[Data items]
--------
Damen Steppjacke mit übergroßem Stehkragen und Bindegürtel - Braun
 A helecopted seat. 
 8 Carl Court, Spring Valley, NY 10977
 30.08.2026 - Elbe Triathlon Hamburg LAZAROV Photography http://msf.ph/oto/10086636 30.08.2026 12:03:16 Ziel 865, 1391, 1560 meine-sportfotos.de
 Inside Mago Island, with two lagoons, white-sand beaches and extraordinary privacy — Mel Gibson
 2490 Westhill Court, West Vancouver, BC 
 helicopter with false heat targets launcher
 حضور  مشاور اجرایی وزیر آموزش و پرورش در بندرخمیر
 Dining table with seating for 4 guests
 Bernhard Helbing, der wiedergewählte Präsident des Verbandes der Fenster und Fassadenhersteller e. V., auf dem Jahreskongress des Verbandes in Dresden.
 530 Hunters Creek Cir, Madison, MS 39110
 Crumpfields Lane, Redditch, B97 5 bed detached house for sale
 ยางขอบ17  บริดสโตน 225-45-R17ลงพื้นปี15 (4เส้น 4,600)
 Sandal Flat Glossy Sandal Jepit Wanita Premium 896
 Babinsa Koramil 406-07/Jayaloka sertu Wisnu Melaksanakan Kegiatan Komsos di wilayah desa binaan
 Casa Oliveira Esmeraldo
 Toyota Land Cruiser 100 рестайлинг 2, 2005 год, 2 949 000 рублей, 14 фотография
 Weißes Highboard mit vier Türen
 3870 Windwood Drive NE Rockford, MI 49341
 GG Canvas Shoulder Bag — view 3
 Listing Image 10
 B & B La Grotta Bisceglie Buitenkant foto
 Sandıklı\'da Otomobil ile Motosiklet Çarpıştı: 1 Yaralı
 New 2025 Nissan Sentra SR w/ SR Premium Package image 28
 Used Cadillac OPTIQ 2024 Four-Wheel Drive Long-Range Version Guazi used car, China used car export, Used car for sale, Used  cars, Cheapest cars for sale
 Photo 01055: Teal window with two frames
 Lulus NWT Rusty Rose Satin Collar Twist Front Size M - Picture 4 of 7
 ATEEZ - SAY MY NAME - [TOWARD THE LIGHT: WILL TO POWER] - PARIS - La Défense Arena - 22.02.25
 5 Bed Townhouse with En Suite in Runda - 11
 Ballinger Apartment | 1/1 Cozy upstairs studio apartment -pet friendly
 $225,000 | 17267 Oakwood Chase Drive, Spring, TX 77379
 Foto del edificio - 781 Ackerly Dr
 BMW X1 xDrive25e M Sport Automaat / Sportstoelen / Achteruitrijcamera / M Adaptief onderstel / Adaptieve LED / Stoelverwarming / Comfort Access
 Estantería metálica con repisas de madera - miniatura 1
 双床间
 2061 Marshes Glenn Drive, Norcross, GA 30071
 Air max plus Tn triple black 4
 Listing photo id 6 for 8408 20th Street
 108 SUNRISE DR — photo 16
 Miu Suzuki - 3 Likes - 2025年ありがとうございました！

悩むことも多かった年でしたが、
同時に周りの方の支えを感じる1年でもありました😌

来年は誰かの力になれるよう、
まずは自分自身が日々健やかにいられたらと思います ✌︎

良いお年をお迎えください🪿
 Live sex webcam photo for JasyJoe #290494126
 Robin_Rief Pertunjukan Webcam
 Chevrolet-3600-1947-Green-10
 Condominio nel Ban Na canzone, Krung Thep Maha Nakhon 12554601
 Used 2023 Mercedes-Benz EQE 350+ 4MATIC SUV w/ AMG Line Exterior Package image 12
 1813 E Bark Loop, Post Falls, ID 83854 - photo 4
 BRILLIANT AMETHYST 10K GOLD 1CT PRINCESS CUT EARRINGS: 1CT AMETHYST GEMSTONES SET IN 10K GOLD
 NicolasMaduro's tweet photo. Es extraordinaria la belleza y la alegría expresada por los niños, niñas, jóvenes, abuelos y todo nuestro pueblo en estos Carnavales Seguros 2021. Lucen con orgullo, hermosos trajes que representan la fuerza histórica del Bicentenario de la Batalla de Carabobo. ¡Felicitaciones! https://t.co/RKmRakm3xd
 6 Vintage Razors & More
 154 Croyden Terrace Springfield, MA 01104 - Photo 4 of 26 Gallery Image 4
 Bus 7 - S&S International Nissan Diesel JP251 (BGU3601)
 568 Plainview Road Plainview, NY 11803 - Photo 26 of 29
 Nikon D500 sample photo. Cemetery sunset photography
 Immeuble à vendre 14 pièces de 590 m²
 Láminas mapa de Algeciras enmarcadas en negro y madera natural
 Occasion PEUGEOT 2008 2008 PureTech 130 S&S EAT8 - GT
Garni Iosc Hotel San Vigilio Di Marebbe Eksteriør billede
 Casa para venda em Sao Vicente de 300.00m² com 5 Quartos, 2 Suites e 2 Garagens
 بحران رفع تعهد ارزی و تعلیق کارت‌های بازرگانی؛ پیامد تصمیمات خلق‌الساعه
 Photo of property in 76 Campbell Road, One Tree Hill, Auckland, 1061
--------
Exercise instructions
Beginning at the line with "Bernhard Helbing, der" and ending at the line with "New 2025 Nissan", reproduce each line of the data above exactly, and add no other lines.

Output below
 Bernhard Helbing, der wiedergewählte Präsident des Verbandes der Fenster und Fassadenhersteller e. V., auf dem Jahreskongress des Verbandes in Dresden.
 530 Hunters Creek Cir, Madison, MS 39110
 Crumpfields Lane, Redditch, B97 5 bed detached house for sale
 ยางขอบ17  บริดสโตน 225-45-R17ลงพื้นปี15 (4เส้น 4,600)
 Sandal Flat Glossy Sandal Jepit Wanita Premium 896
 Babinsa Koramil 406-07/Jayaloka sertu Wisnu Melaksanakan Kegiatan Komsos di wilayah desa binaan
 Casa Oliveira Esmeraldo
 Toyota Land Cruiser 100 рестайлинг 2, 2005 год, 2 949 000 рублей, 14 фотография
 Weißes Highboard mit vier Türen
 3870 Windwood Drive NE Rockford, MI 49341
 GG Canvas Shoulder Bag — view 3
 Listing Image 10
 B & B La Grotta Bisceglie Buitenkant foto
 Sandıklı\'da Otomobil ile Motosiklet Çarpıştı: 1 Yaralı
 New 2025 Nissan Sentra SR w/ SR Premium Package image 28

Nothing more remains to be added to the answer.